In Mauritania, the exploration PSC extension was signed and ratified in 2011, resulting in a new PSC. The new PSC, in which Premier holds a 6.23 per cent equity interest, has a gross area of 10,725km2. The plan is to drill the first of two exploration wells on this new PSC in the latter half of 2012.

 

Additional acreage was secured in East Africa via Premier's entry into two new PSCs, offshore Kenya. Offshore East Africa was an industry focus in 2011 with the discovery of significant resources offshore Mozambique and Tanzania. Premier's acreage offers the potential to extend these successful plays northwards into offshore Kenya.

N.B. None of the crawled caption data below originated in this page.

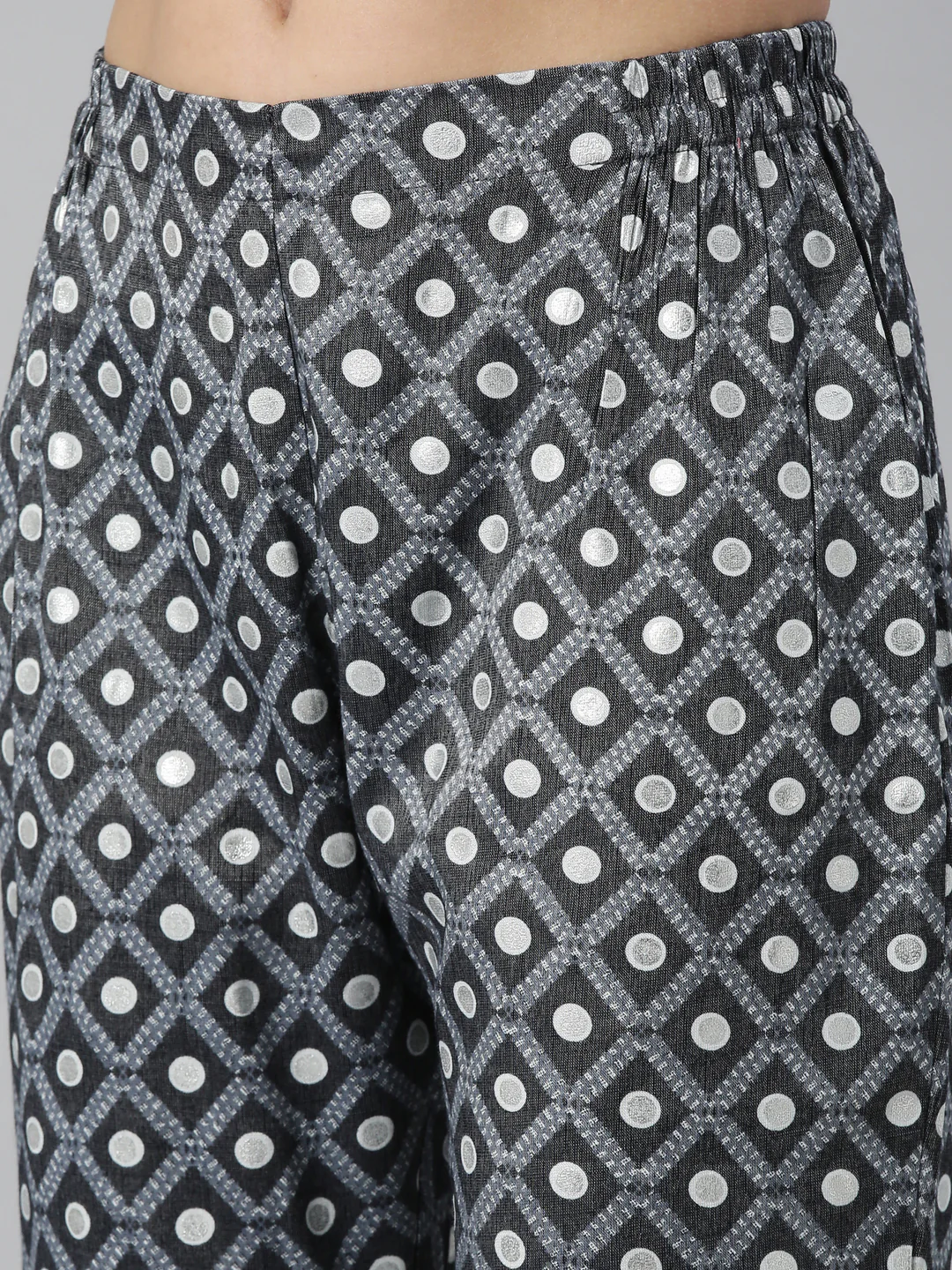 Neerus Blue Color Slub Rayon Fabric Kurta Set - Image 9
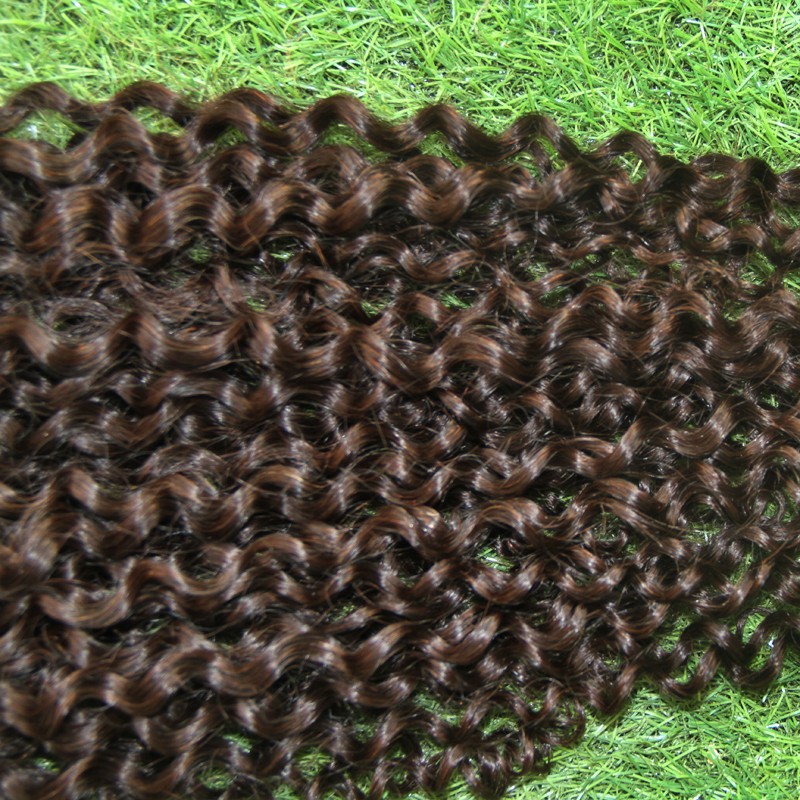 #4 Dark Brown Kinky curly clip in hair extensions 9pcs african american clip in human hair extensions 100g afro kinky curly clip ins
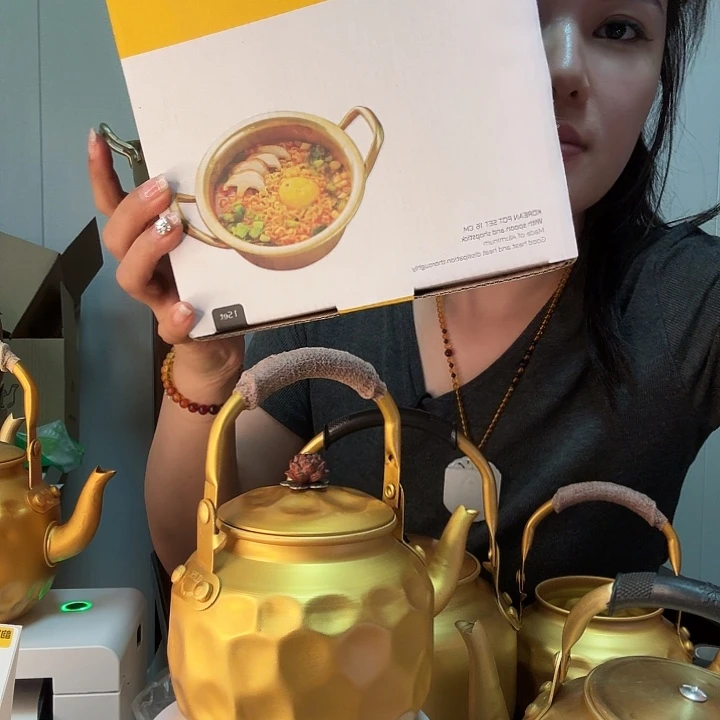 铝日本韩国泡面锅哈哈哈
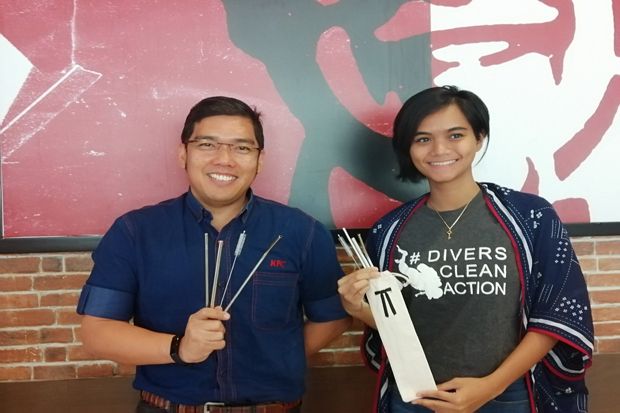 Sedotan Stainless KFC Indonesia Jadi Gaya Hidup Ramah Lingkungan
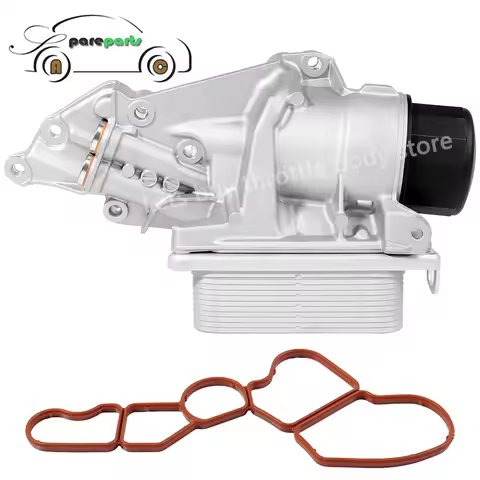 Oil Cooler Filter Housing for Mercedes C230 C300 C350 E350 E280 GLK350 ML450 S400 SLK300 R350 CL550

Premier plans to drill between 15 and 20 exploration and appraisal wells in 2012, including a further exploration well on the UK Catcher Block and two wells, Coaster and Spaniards, on acreage acquired through the EnCore acquisition. In Norway, the Luno II well is planned for the fourth quarter and, in Asia, the appraisal of the north west Chim Sáodiscovery will take place, as well as four exploration wells in Indonesia.

 

On the Premier-operated Tuna PSC, exploration wells Gajah Laut Utara and Belut Laut were drilled to test the Miocene and Oligocene potential of two prospects on the block.  Gajah Laut Utara spudded in May 2011 and was followed by Belut Laut which spudded in July. Both wells encountered good oil and gas shows in the Oligocene section, proving the existence of a working petroleum system in both of these previously undrilled sub-basins.  Post-well studies will continue into 2012 with further drilling in the Nam Con Son Basin planned after integration of the 2011 results.

 

On Natuna Sea Block A, a block-wide prospect inventory review was carried out to characterise the remaining exploration potential on the block. Two exploration wells, Anoa Deep (WL-5X) and Biawak Besar, were scheduled for drilling in early 2012. In February 2012, it was announced that the Anoa Deep well had successfully encountered some 300 feet of fractured Lama Formation sandstone, which tested gas at a rate of 17 mmscfd from a 112 feet interval.

 

In North Sumatra, preparations are at an advanced stage for the drilling of the Matang-1 exploration well during 2012 on Block A Aceh.

 

Planning and preparation has continued on the non-operated Buton Block, for the drilling of the Benteng-1 exploration well, which is now scheduled to drill in the first half of 2012.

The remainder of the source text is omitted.